Probabilistic computation with emerging covariance: towards efficient uncertainty quantification,
Hengyuan Ma, Yang Qi, Li Zhang, Wenlian Lu, Jianfeng Feng

This repository provides implementation for training and evaluating moment neural networks (MNNs) trained through the Supervised Mean and Unsupervised Covariance (SMUC) approach based on the Pytorch library.

Abstract

Building robust, interpretable, and secure artificial intelligence system requires some degree of quantifying and representing uncertainty via a probabilistic perspective, as it allows to mimic human cognitive abilities.

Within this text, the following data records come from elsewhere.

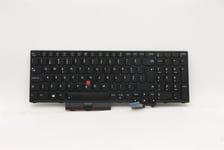 Lenovo ThinkPad T15g 1 P15 1 Keyboard Portuguese Black Backlit 5N20Z74840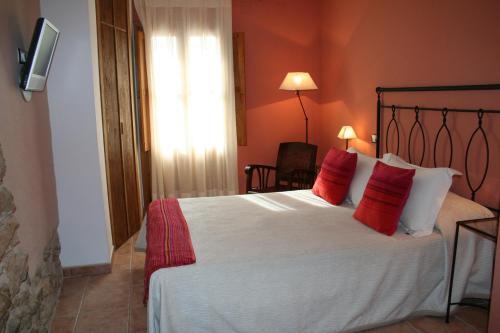 Foto de una habitación de Hotel La Alquería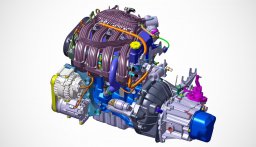 Новый двигатель ВАЗ объёмом 2,0 литра — первая информация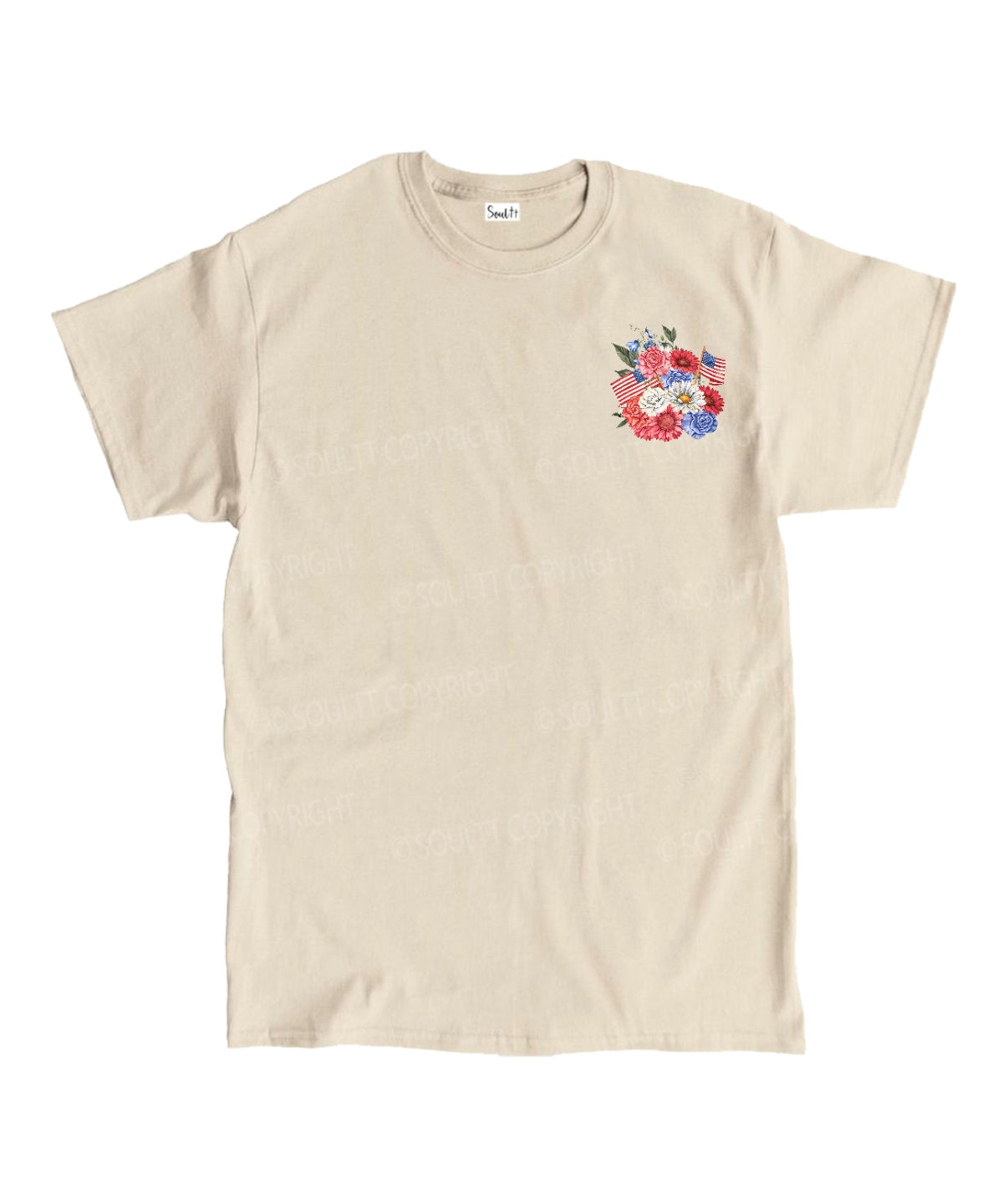 250 Years America Anniversary Double Sided Unisex Cotton Christian T-Shirt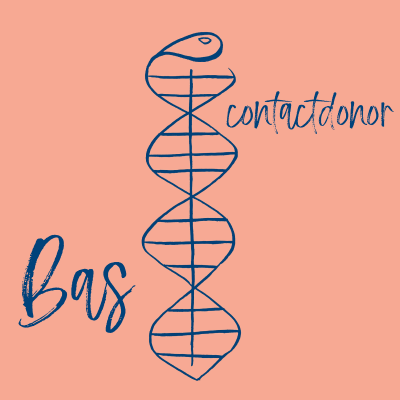 episode 47. Bas (contactdonor) artwork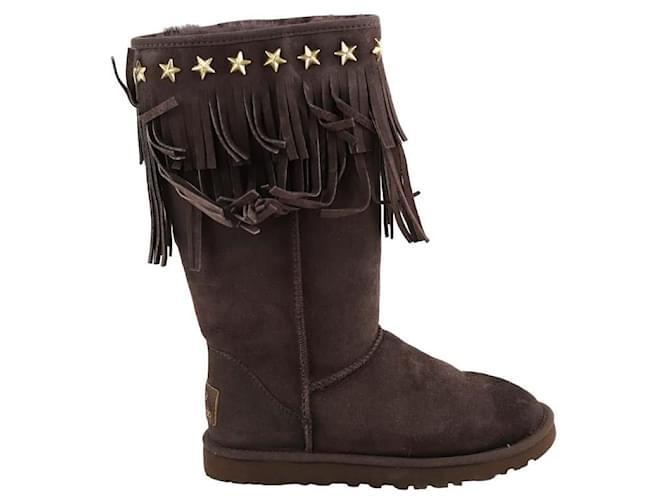 Jimmy Choo x suede boots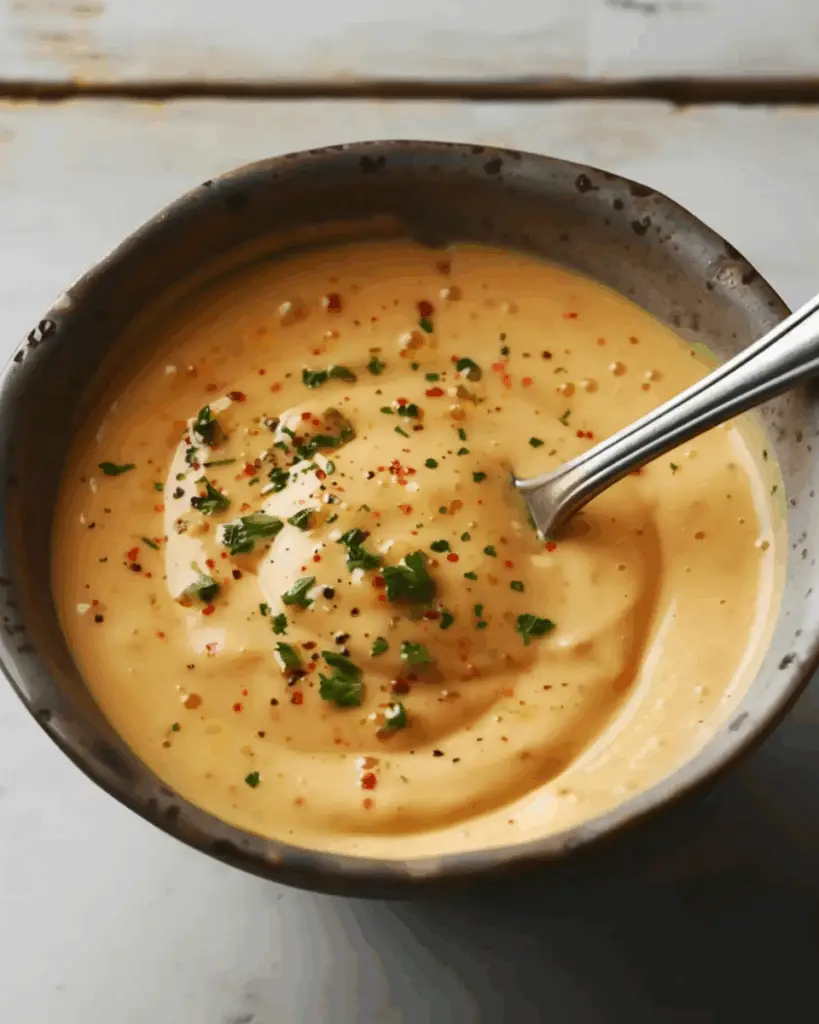 Creamy Big Mac-Style Burger Sauce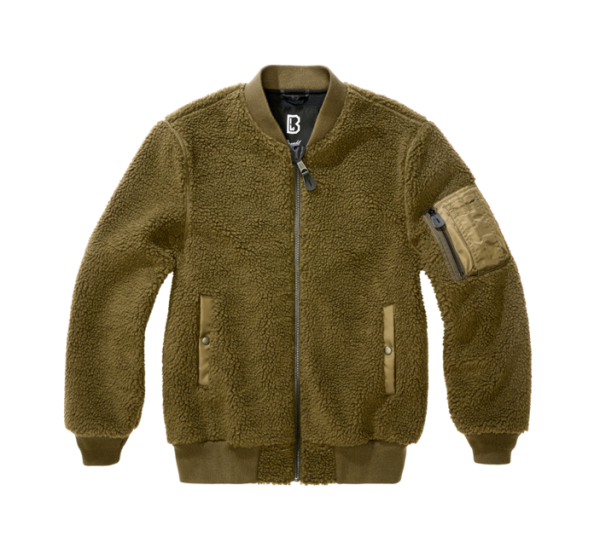 Brandit dzseki MA1 Sherpa, olívazöld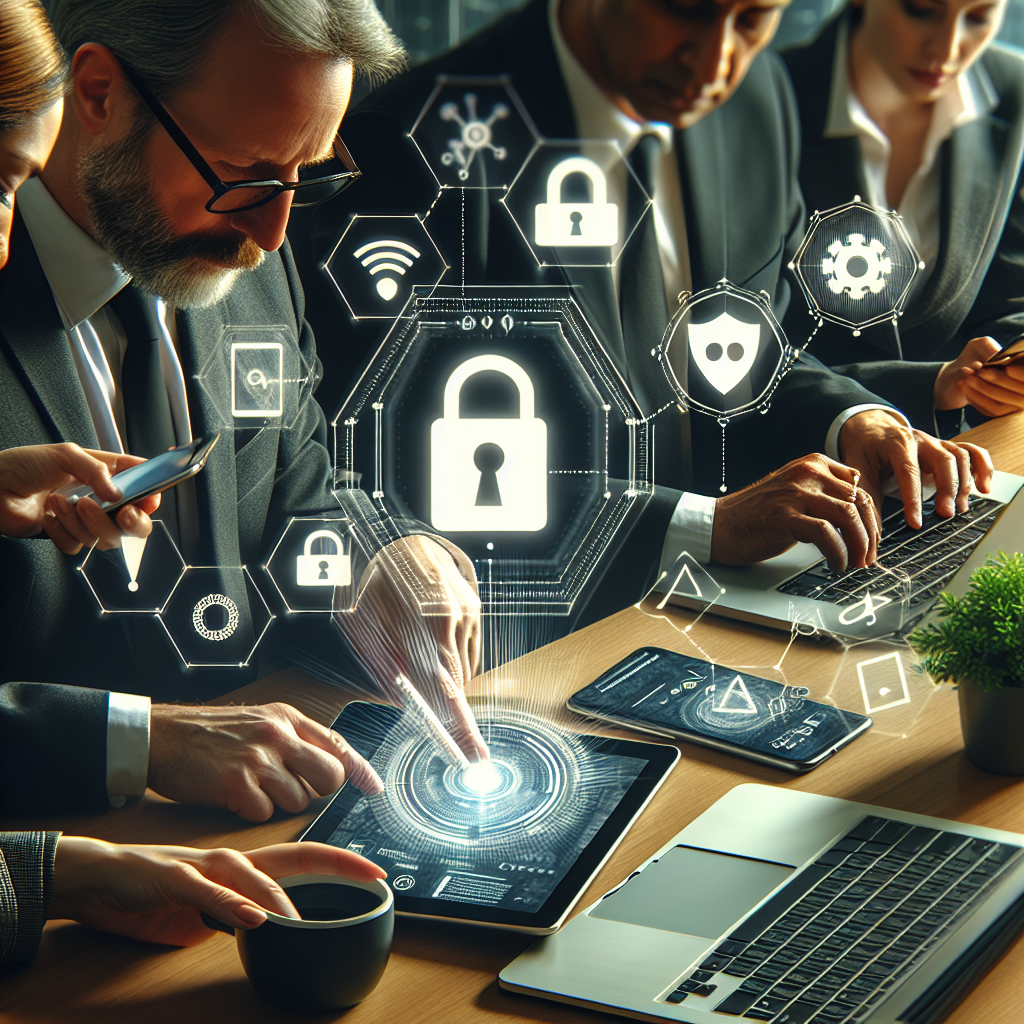 How to Implement Mobile Device Security in Your Workplace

However, probabilistic computation presents significant challenges due to its inherent complexity. In this paper, we develop an efficient and interpretable probabilistic computation framework by truncating the probabilistic representation up to its first two moments, i.e., mean and covariance. We instantiate the framework by training a deterministic surrogate of a stochastic network that learns the complex probabilistic representation via combinations of simple activations, encapsulating the non-linearities coupling of the mean and covariance. We show that when the mean is supervised for optimizing the task objective, the unsupervised covariance spontaneously emerging from the non-linear coupling with the mean faithfully captures the uncertainty associated with model predictions. Our research highlights the inherent computability and simplicity of probabilistic computation, enabling its wider application in large-scale settings.

Model summary

In models.py module, we provide full-connected MNN (Heaviside2, ReluNet2), mixed MNN (CNN_ReluNet2, CNN_Heaviside2), and the corresponding verision using batch-wise trick (Heaviside, ReluNet, CNN_ReluNet, CNN_Heaviside).

The architecture of this repository

  • activations.py: Heaviside and ReLU moment activation.
  • models.py: network architectures of MNN such as Heaviside, ReluNet, CNN_ReluNet, CNN_Heaviside.
  • stoc_models.py: full-connected feed-forward stochastic neural network.
  • utils.py: useful utilities for analyzing results of MNN.
  • dataset.py: preprocessing of datasets.
  • test_classification.py: examples for training and evaluating MNN for classification tasks.
  • test_regression.py: examples for training and evaluating MNN for regression tasks.
  • test_ood.py: demo for out-of-detection detection using MNN.
  • test_attack.py: demo for gradient-based adversarial attack defending and awareness using MNN.
  • test_stoc_models.py: demo for simulating stochastic network using parameters of MNN.
  • data: directory for storing datasets such as UCI regression dataset and notMNIST dataset.
  • checkpoints: directory for storing some pretrained checkpoints.

Dependencies

  • python 3.7
  • pytorch: 1.11.0
  • torchvision: 0.12.0
  • scipy: 1.7.3
  • numpy: 1.21.6
  • matplotlib: 3.5.1

Demo

Classification task

Code for training a Moment Neural Network (MNN) using the Supervised Mean and Unsupervised Covariance (SMUC) approach for image classification tasks on MNIST, FashionMNIST, CIFAR-10, and CIFAR-100. To provide a demonstration, we have constructed different architectures for each dataset, and feel free to modify them according to your specific needs. For the MNIST dataset, we have included an example of a fully-connected network. For the FashionMNIST dataset, we have provided an example of a modified LeNet5 network. For the CIFAR-10 dataset, we have included an example of a modified VGG13 network. For the CIFAR-100 dataset, we have included an example of a modified VGG13 network with large channels number.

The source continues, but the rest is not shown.